Tagged categories: Bridges; Certifications and standards; Corrosion protection; Hiring; Maintenance coating work; Maintenance programs; Painting Contractor; Rail; Regulations; SSPC; SSPC 2014; Worker training

Comment from jesse chasteen, (2/12/2014, 9:10 AM)

Penny wise Dollar smart....I think Cliff needs to take the politico by the hand and have him cross the bridge he mentioned...make sure he has proper fall protection so he will still be around to help change the problem...Good for all of you not afraid to state the truth..

Comment from jesse chasteen, (2/12/2014, 9:21 AM)

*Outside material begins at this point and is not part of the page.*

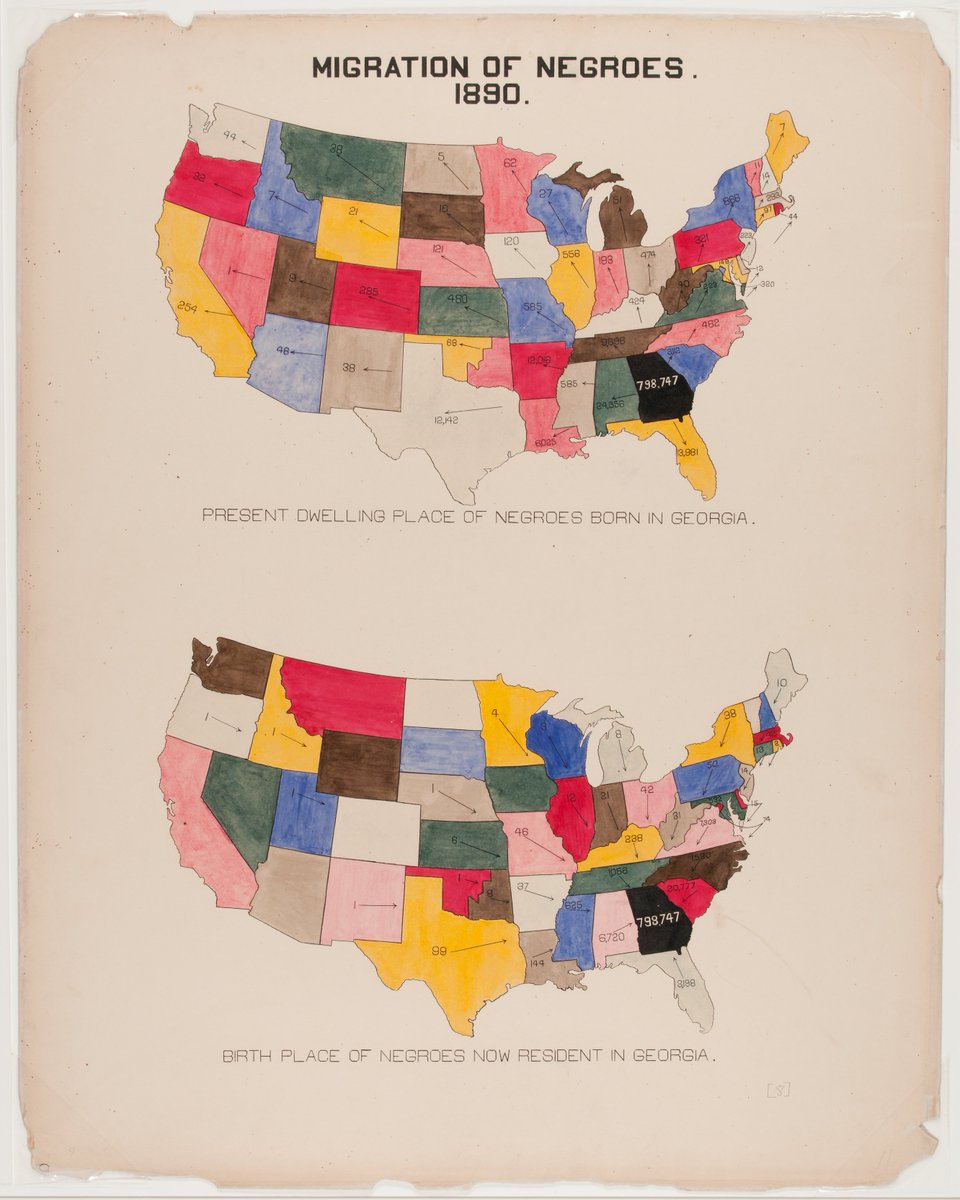 One of my first projects for graduate school involved revisiting a pre-1900 data visualization. I picked a set of WEB Du Bois maps and ended up going down a few rabbit holes...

And another thought...I have been preaching the merit of becoming skilled in the trade for 25 years...I used a visual aid with a couple of my fingers as I told the youngsters that if you master the skills you WILL be able to make a wonderful life for yourself...I would continue with the analogy that if you can't find work you are either number one LAZY (include index finger) or number two (index down next finger up) LOUSY..always receives chuckle and usually gets em thinkin...Final suggestion for all...a mentoring incentive...offer a bit of cha-ching to the gray guys for the extra effort of ushering in the new Paul Harvey for the rest of the story...

Comment from Tony Rangus, (2/12/2014, 10:06 AM)

One thing seems to be missing and not addressed. The plethora of marginal coating materials touted as saviors (remeber when polyureas were touted as a gift to the coatings field because it was surface tolerant), and the large amount of poor coatings application. For those of you in the E&C world who pay shops to coat stuff & field applicators to complete a facility, how often do you receive items at a construction site with marginal to crappy coatings requiring touch-up or complete recoat; and field contract coaters that just don't give a damn. On multi-billion projects, you cannot be looking over everybodies shoulder 100% of the time. You rely on honesty & integrity, which sadly, seems to have gone the same way as the Dodo bird. We complain about the cost of corrosion due to not maintaining coatings, but bury our heads when it comes to striving for do it right the first time (deference to Mike Holmes). You can write the best coating specification ever, and mandate the best coating materials, but what I see is alot of marginal surface preparation and poor application control.